__AIM OF THE TASK__
What is needed is the exact text of each line in the listing below from the one with "Marbles Bowie Turquoise" up to and including the one with "Ironclad - Contract", and no pictures.
[EXCERPTED RECORDS]
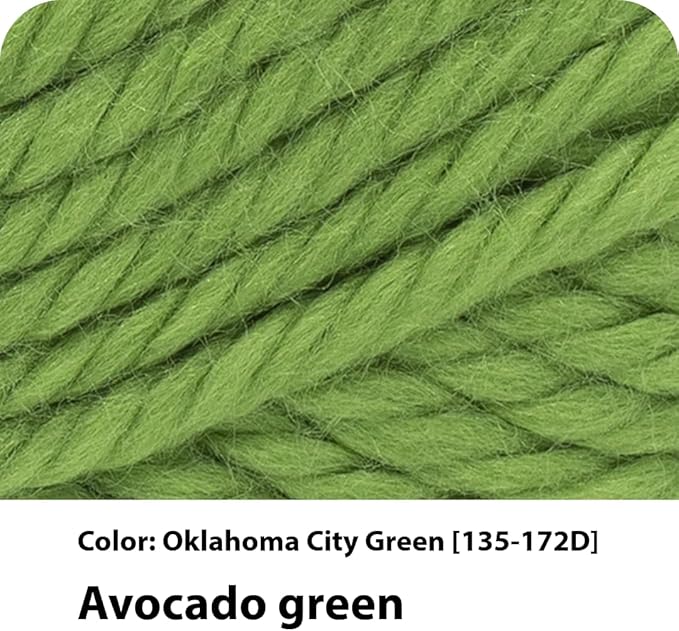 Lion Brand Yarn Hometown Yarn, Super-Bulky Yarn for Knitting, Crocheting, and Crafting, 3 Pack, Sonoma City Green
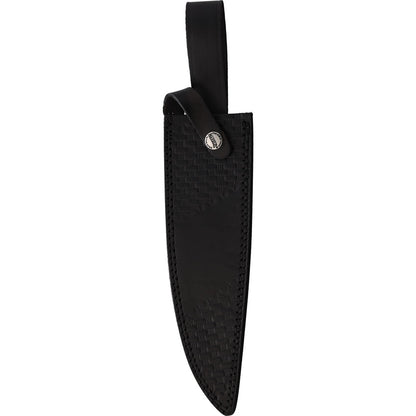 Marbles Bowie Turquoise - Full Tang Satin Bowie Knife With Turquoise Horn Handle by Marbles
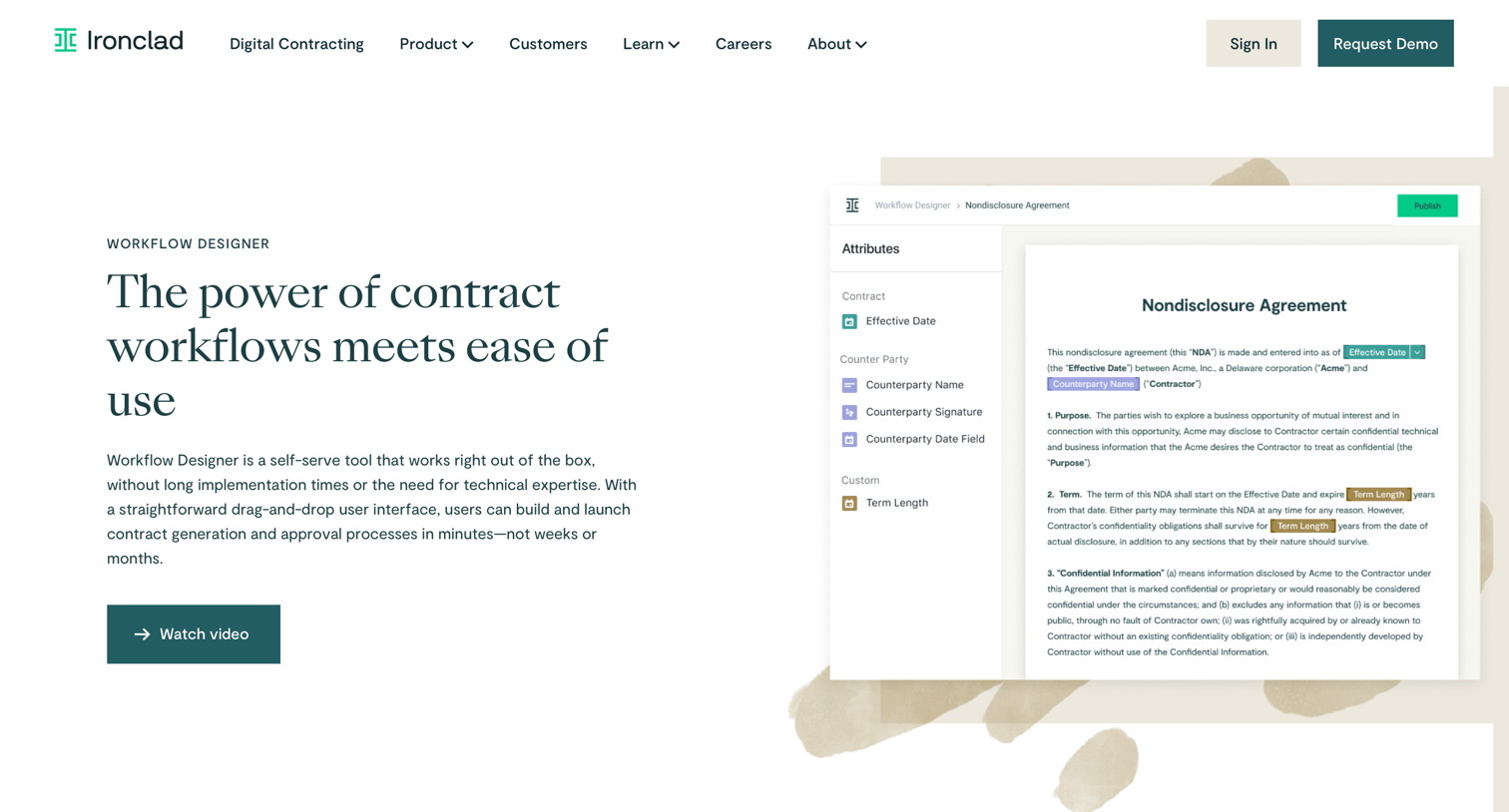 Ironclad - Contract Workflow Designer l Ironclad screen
[/EXCERPTED RECORDS]
[EXCERPTED RECORDS]
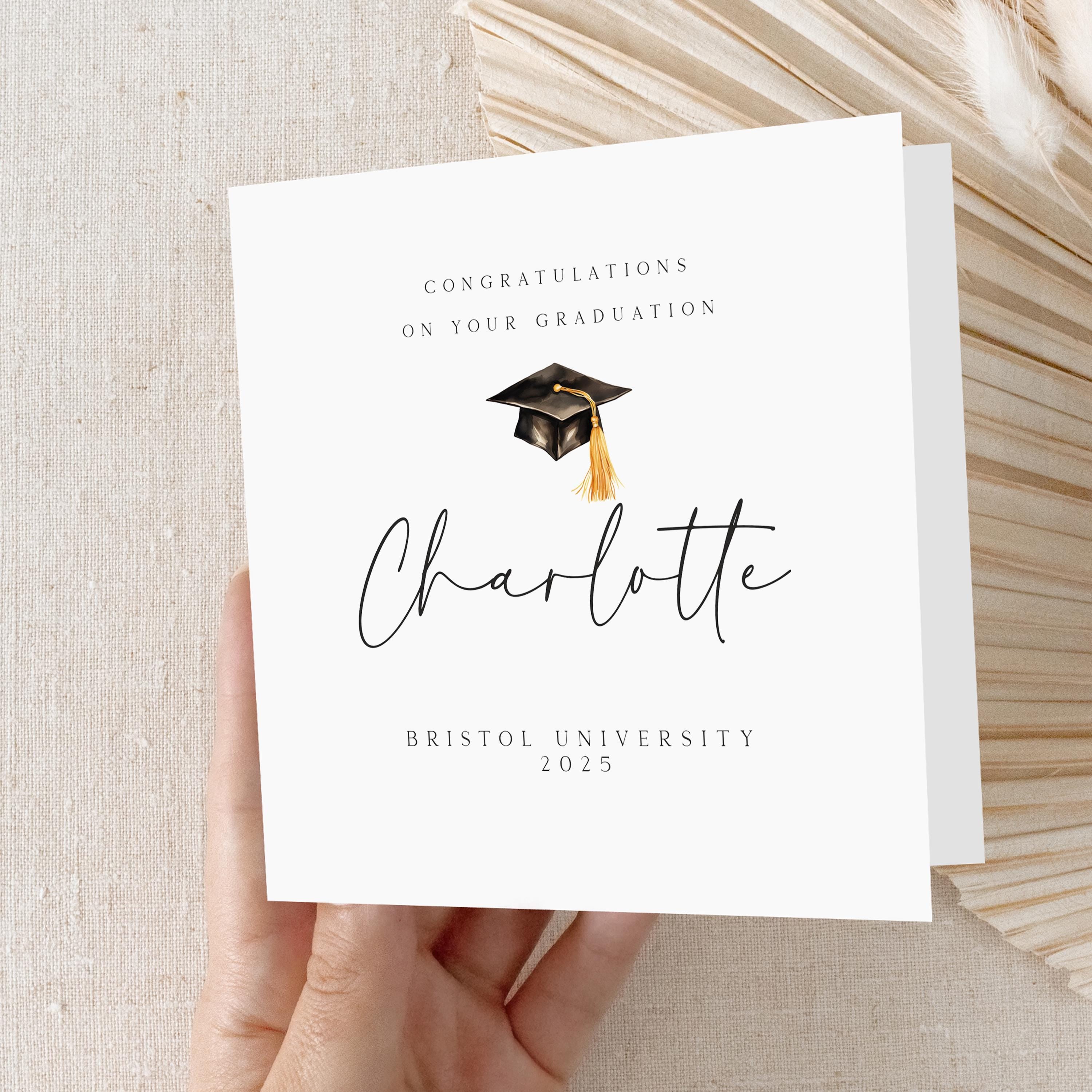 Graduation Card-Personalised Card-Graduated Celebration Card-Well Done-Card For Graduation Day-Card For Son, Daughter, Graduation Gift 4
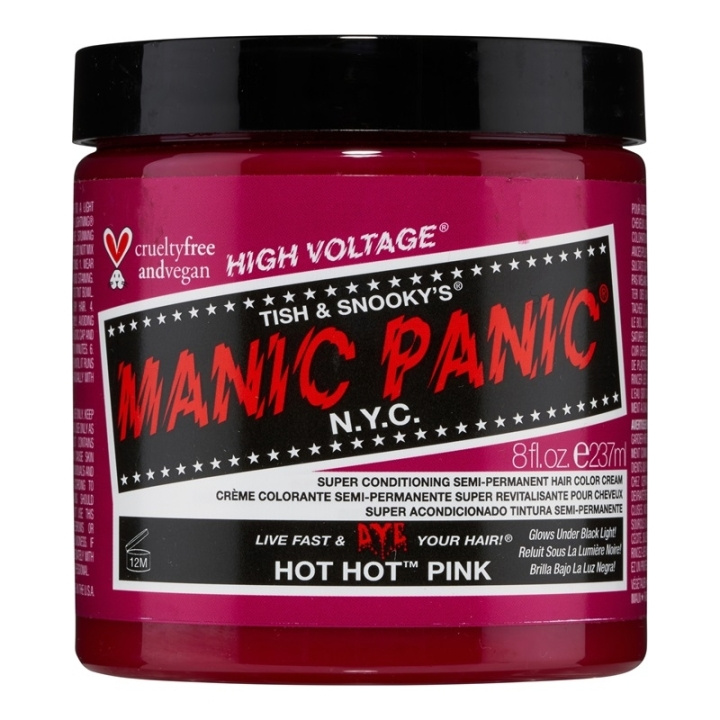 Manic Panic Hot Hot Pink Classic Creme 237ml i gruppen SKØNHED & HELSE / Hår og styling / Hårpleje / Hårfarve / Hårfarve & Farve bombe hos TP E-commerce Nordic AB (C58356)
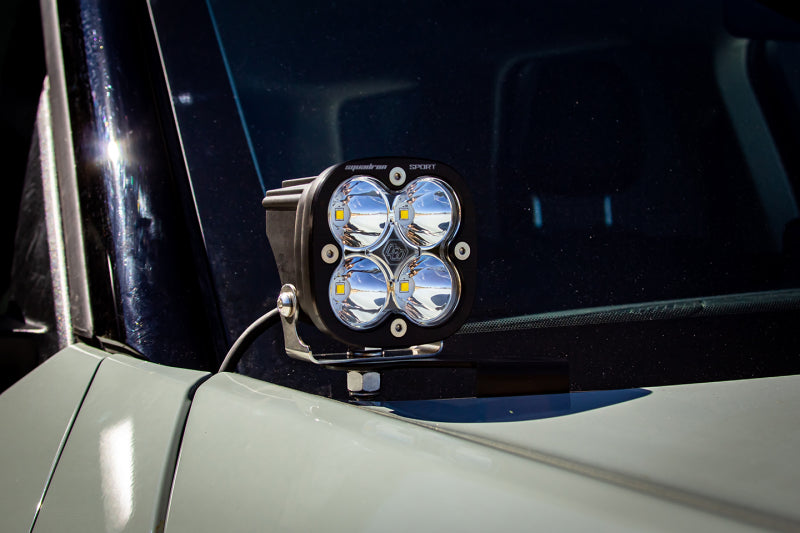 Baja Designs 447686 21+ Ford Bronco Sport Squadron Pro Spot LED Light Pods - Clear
[/EXCERPTED RECORDS]
[EXCERPTED RECORDS]
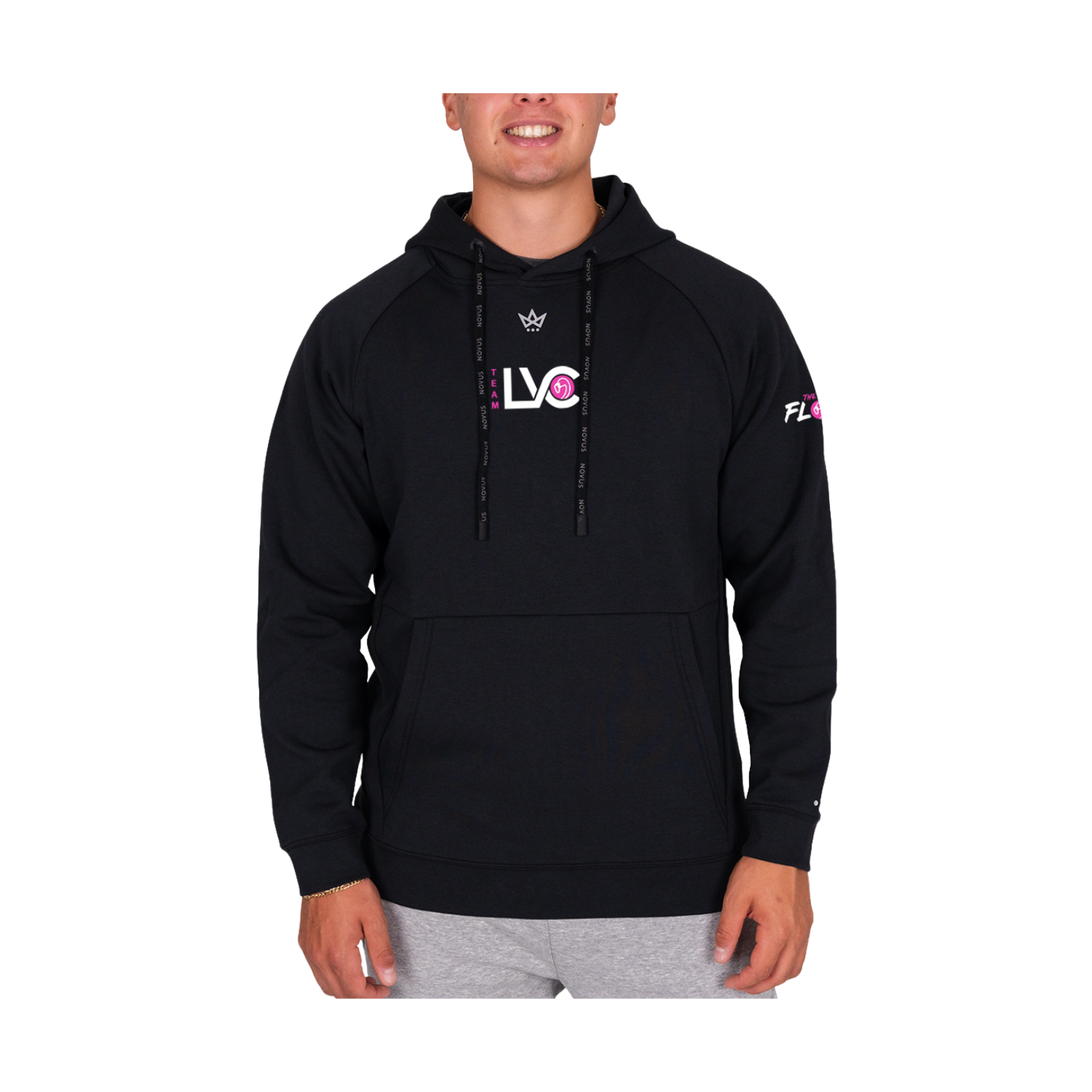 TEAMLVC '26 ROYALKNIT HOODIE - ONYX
[/EXCERPTED RECORDS]
__THE COMPLETED TASK__
 Marbles Bowie Turquoise - Full Tang Satin Bowie Knife With Turquoise Horn Handle by Marbles
 Ironclad - Contract Workflow Designer l Ironclad screen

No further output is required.